La voz de las manos
Ana Efigenia
Vestía unos vaqueros pitillo del color del azabache, unas Converse desgastadas con jirones y la puntera roída, una camiseta holgada que escondía su delgadez y una cazadora de cuero repleta de cremalleras. Caminaba despreocupado con las manos metidas en los bolsillos, pateaba las piedras y observaba dónde frenaban. Ladeó la comisura de la boca al contemplarla. Durante un momento titubeó en la marcha: avanzó dos pequeños pasos y los retrocedió. Se oyó el canto de las cardelinas y al viento silbarlas. Las escuchó por primera vez. Solía pasear por aquel parque cuando la tristeza lo engullía y jamás habían llamado su atención.
Aquel día fue diferente. Las ramas de los árboles se mecían al compás de los trinos, el aire se convirtió en brisa, la luz era nacarada y la paz absoluta. Se apoyó en el tronco de un quejigo y la contempló por largo tiempo. Ella permanecía sentada en un banco que arropaban varios árboles, y movía las manos sobre un libro que sujetaba. Disfrutó del aroma de la yerbabuena mezclado con el aroma a vainilla que desprendía Elda. Sintió un cambió de compás en su corazón: pequeños saltos que lo asustaban a la vez que le proporcionaban un extraño placer. Ladeó la comisura de la boca. Se fijó en un hombre que se acercaba y que se quedó a cierta distancia del banco. Vio cómo pulsaba un reloj, y a continuación cómo la chica se tocaba la muñeca. Elda cerró el libro a la vez que se levantaba y se dirigió hacía al hombre con mucha cautela.
Volvió durante seis días consecutivos a la misma hora. Allí la encontraba. Tenía una melena larga del color del chocolate, la piel bronceada con pellizcos dorados, un rostro dulce y natural en el que destacaban el tono anaranjado de sus mejillas y los hoyuelos que se le hacían al gesticular. Descubrió, el segundo día, que era sordociega. El pavor le mordió el sentido. Sintió un dolor abstracto, sin localizar, un nerviosismo desconocido y una atracción sobrenatural que lo empujó a buscar su cercanía.
El siguiente día no estaba. Se sentó en el mismo sitio que lo hacía ella. Cerró los ojos, estiró los brazos sobre el respaldo del banco, apoyó la nuca sobre la madera y se dejó mecer por la magia del entorno. Se durmió.
De pronto una mano lo despertó, le tapaba un ojo. Abrió el otro, ladeo la comisura de la boca y se quedó perplejo al encontrarse a la chica que le robaba el sueño. Notó cómo la chica se sonrojaba y sintió cómo acentuaba la presión de los dedos que tocaban su cara. Permaneció inmóvil a pesar de sentirse agitado. La chica apartó la mano y la entrelazó con la otra. Esperó quieta.

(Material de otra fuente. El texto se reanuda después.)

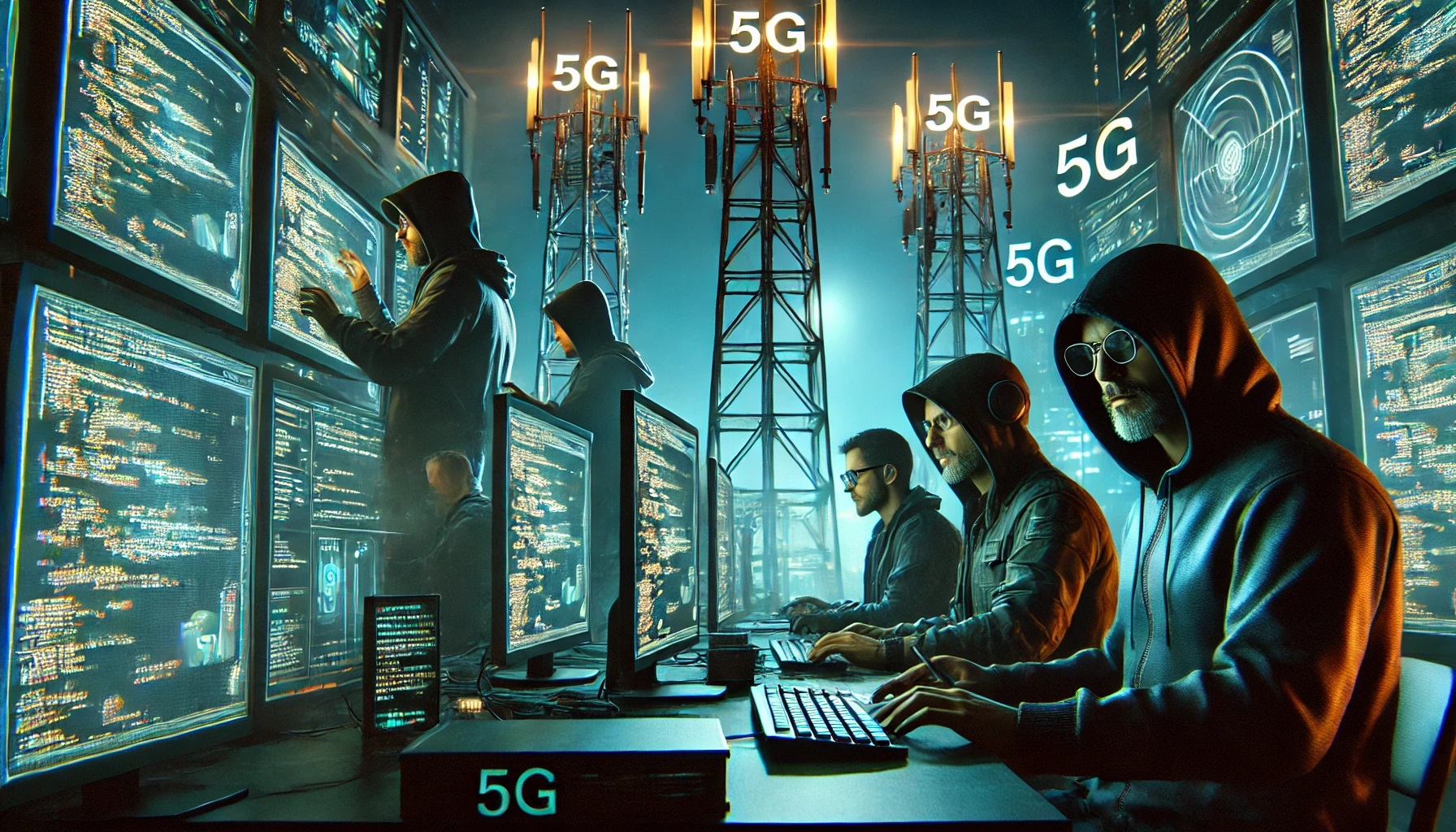 Hackers encuentran fallas de seguridad en las redes de 5G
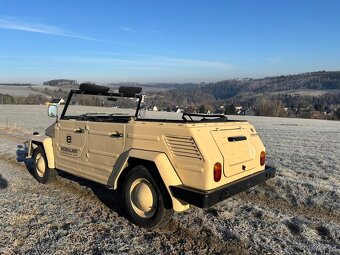 Volkswagen 181 cabriolet Kübelwagen - 4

Lu se levantó y se acercó a Elda. Había imaginado muchas veces cómo sería su primer contacto con ella. Observó su semblante mientras decidía en poco tiempo cómo tocarla, miró hacía sus manos y vio que tenía las yemas de los dedos blanquecinas de tanto apretarlas. Rozó el canto de una de estas con el dedo corazón. La fuerza simultanea de ambos cuerpos forjó un vínculo inmediato. Elda continuó a la expectativa. Lu sujetó sus manos y entonces ella las desenlazó. Hacía poco tiempo que había descubierto que podía ser tierno, y la guio con exquisita paciencia hasta el banco para que se ubicara. Dejó que se sentara sola cómo tantas veces la había visto hacer. Él lo hizo a su lado y simplemente esperó a que el ocaso los envolviera. Esa tarde solo se acompañaron. Al despedirse no adivinaron la manera de hacerlo…
Pasaron meses y los encuentros se siguieron sucediendo. Se sentaban a sentir y a escucharse… Uno de los días que Elda tardó en llegar, Lu la esperaba ansioso y ella se percató. Elda, atrapó su rostro entre las manos y acarició su contorno hasta llegar a la boca. Con el dedo índice dibujó una línea desde la comisura hasta el moflete, recreando su fiel gesto. Así descubrió, Lu, que ella conocía su lenguaje, su forma de comunicarse e incluso parte de su forma de ser.
Se habían hablado desde el primer día. Con la voz del interior, esa que solo escucha quién osa buscarla. O con las manos, que danzan formando palabras.